Mr. Blatt said he does expect a commitment from either Coca-Cola Co. or Pepsi-Cola “if not both.” He also promised each product category would be represented in the study, including snack foods, cookies and household products. In addition, he expects each retail category, including mass, grocery and convenience stores, to have at least two participants in the pilot study.

RFID chip technology
“It took a lot to make this happen and it shows the industry is very thirsty for this data,” said Bob Michelson, CEO of Goliath Solutions, which is helping to design the study and providing radio-frequency identification chips (RFID) enabled technology.

His company’s Goliath tags will be used on point-of-sale displays to ensure reliability of in-store marketing displays, as well as how long the displays are up and where approximately they are located in the store.

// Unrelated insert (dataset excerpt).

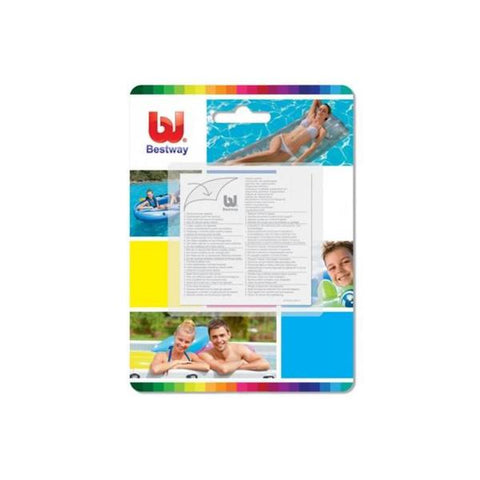 Parche para piscina y colchon inflable, Bestway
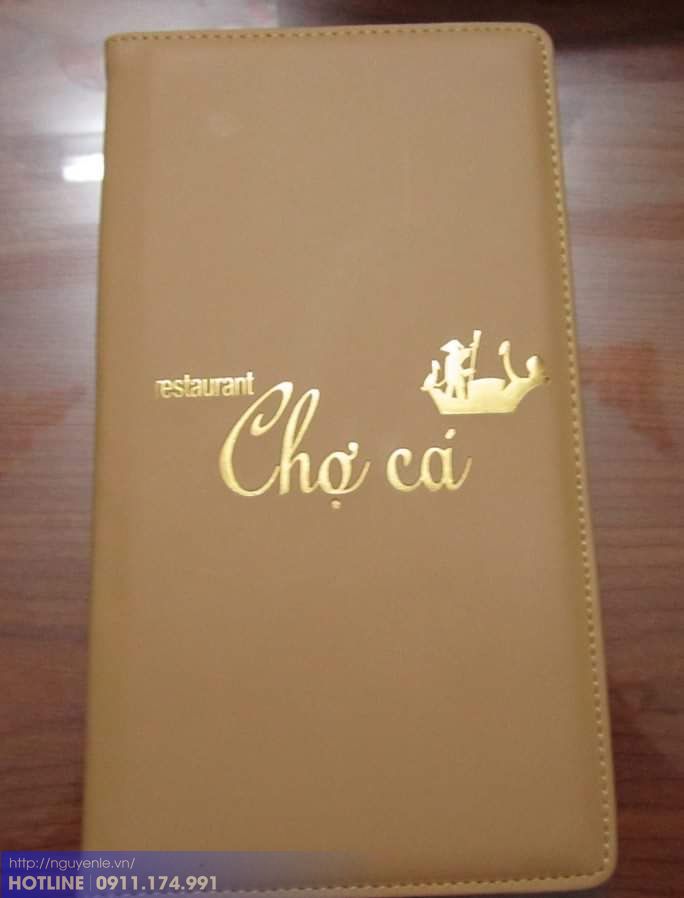 MENU DA IN LOGO THEO YÊU CẦU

Even without big-name brands signed on, POPAI boasts a board of directors with top-notch brands, although no C-level marketing executives. Board members include: Kurt Witzel senior manager, retail marketing at Anheuser-Busch; Mike Jones, vice president of integrated marketing, Coca-Cola North America; Leslie Nagy, director, marketing services, Pepsi-Cola Co.; Daniel Williams, director of restaurant merchandising at McDonald's Corp.; and John Anderson, U.S. manager of marketing/merchandising, BP Oil Corp.